In a leaf-spring system, the leaf springs themselves control both the fore/aft and side-to-side movement. The rigid structure of the springs in these two directions serves these duties. The leaf springs inherently prevent axle roll (or torque wrap) based on their thickness and spring rate. Thinner or more flexy packs do less to control axle roll and some type of supplemental axle constraint may be needed in such a case. Added traction shocks, ladder bars, or track bars may be used to control this third type of movement.
In a coil spring system, the coil springs serve only to support the weight of the vehicle. Coilover shocks are similar but add a shock dampening function. However, neither of these can offer any other directional axle control as the leaf springs can. In this case, it's necessary to use radius arms or suspension links to locate and control the travel path and roll of the axle.
With these thoughts in mind, we'll look at what it takes to design a rear four-link suspension setup. For a deep understanding of all the dynamics, far more extensive calculations and physics are involved than will be presented here.
We'll provide a solid introduction and can refer you to these books for even greater technical detail: Chassis Engineering by Herb Adams and Race Car Vehicle Dynamics by Milliken and Milliken.
There are several configurations that can be used, but a very common one for a rear linked suspension is the double-triangulated four-link, which will be discussed here. We'll present the basic design idea and explore some of the performance characteristics.

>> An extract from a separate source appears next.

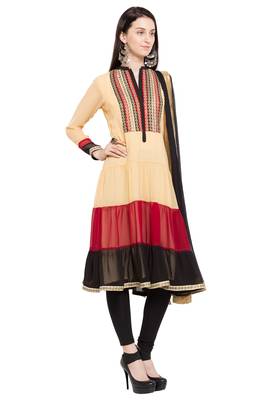 Beige Plain Georgette Salwar With Dupatta 3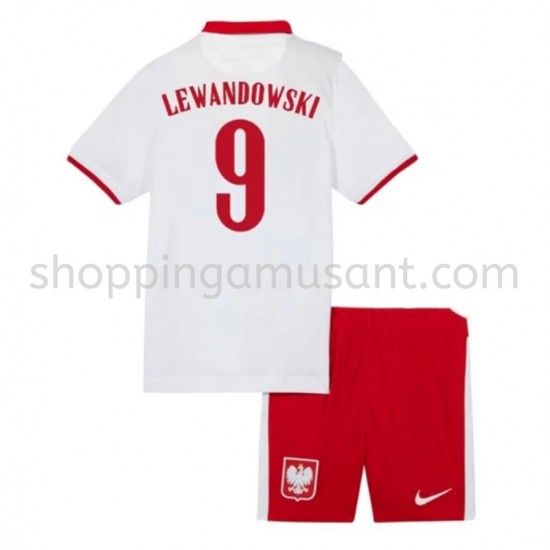 Maillot de Foot Pologne Robert Lewandowski 9 Enfant Domicile Euro 2020 Manche Courte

Using this method, a set of lower links runs from a center point on the chassis back toward each end of the rear axle. The upper links then run from a centered point on the top of the axle housing toward points forward on the frame of the vehicle. In some factory built setups, such as on some Land Rovers, two of these links may actually be one single triangular (or wishbone) link with a single termination point on the top, center of the axle.
Note, however, that wishbone link setups can result in high force loads at the single jointed end of the wishbone. In either case, the "triangulated" links provide lateral positioning and keep the axle positioned perpendicular to the direction of travel.

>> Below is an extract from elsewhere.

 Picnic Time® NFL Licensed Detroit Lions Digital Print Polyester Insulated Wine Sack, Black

Before we go further with the technical talk, it's good to know that designing and building a four-link setup is not trivial and if not done with at least some forethought and deliberation, the result may leave you with a vehicle that performs worse than before you made the conversion. You'll need to pull out the tape measure and do some careful planning to design a system that will perform as desired given the amount of expense and work you'll put into it. If done correctly, the end results can be well worth the effort, giving you a suspension that provides excellent traction, travel or articulation, and the ability to fine tune the suspension to your style of wheeling.
Designing The Four-Link
When building a four-link, the end performance will depend on the length and mounting locations of the links and by changing these variables we can significantly change how the rig behaves under acceleration, climbing, and side hilling. Body roll and sway are also affected by the parameters of the design. Additionally, a setup tuned to rock crawl well will typically differ from one tuned to go fast over rough terrain.

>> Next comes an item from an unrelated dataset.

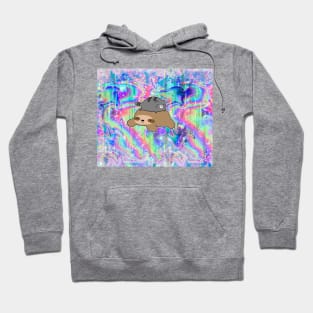 Blue Tabby Cat and Sloth Rainbow Holographic Hoodie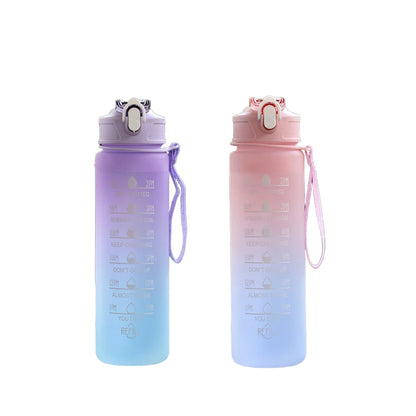 900ML Sports Water Bottle with Time Marker Leak-proof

A suspension design starts with gathering some critical measurements that will be used for calculations and component placement. We'll need to know wheelbase, width of the axle mount points, width of the frame mount points, and center of gravity. On many vehicles, the height of the center of gravity is often taken to be the height of the top bellhousing bolt on the back of the engine. Also, when building your link setup, it's usually good to design and build it at desired ride height, and then compress and articulate the axle to check clearances.